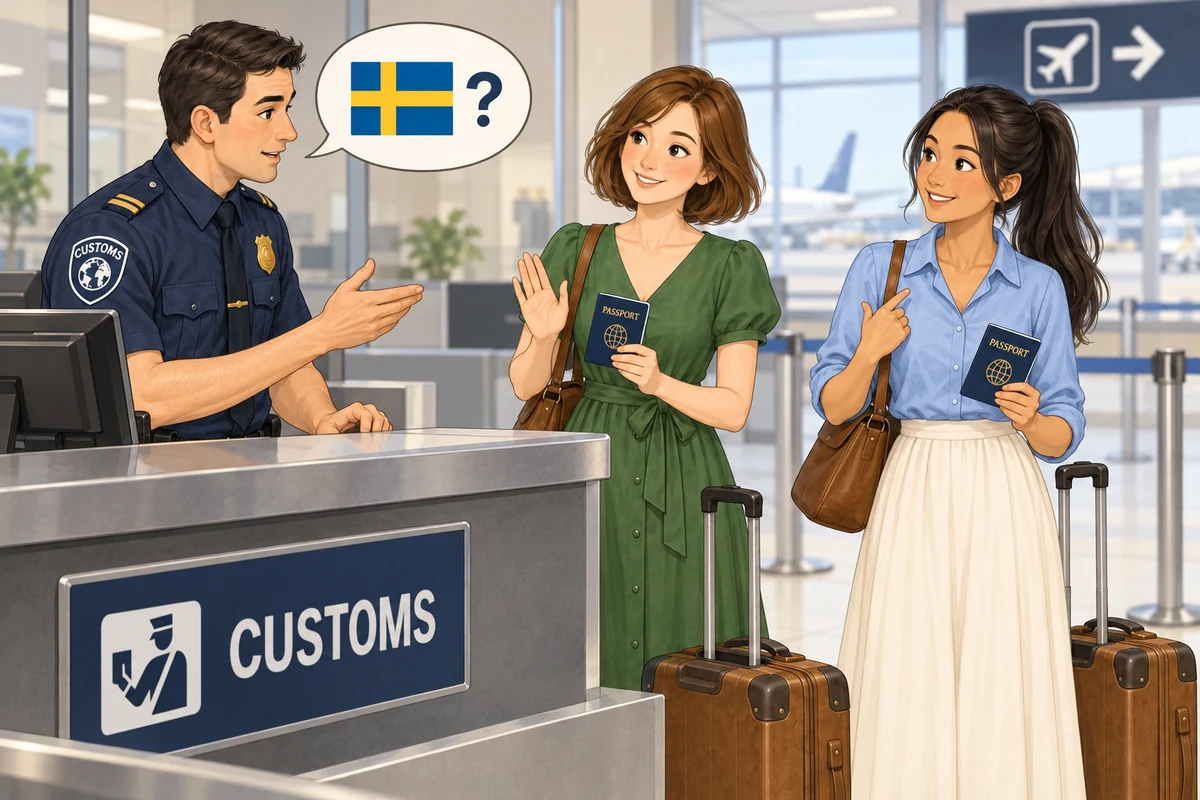 A Customs officer asks the girls whether they are Swedish.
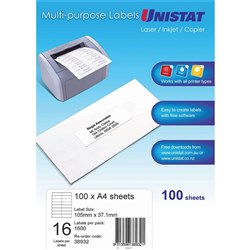 Unistat Laser Copier & Inkjet Labels 105x37mm 16UP 1600 Labels 100 Sheets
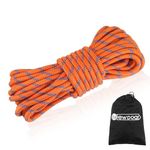 NewDoar Static Climbing Rope 10mm (3/8in) Double Braid Accessory Cord Rope for Prusik Hauling Dragginge(Orange 10mm,50ft)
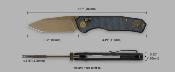 CMB22A CMB Explorer V2 | Couteau Lame Acier 14C28N Gold Drop Point | Manche Micarta | Axis Lock | Livraison Gratuite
────────────────
**ACTIVITY**. Your copy should begin at the line containing "NewDoar Static Climbing" and end at the last line of the data above, matching each line exactly and holding no pictures.

**TASK OUTPUT**.
 NewDoar Static Climbing Rope 10mm (3/8in) Double Braid Accessory Cord Rope for Prusik Hauling Dragginge(Orange 10mm,50ft)
 CMB22A CMB Explorer V2 | Couteau Lame Acier 14C28N Gold Drop Point | Manche Micarta | Axis Lock | Livraison Gratuite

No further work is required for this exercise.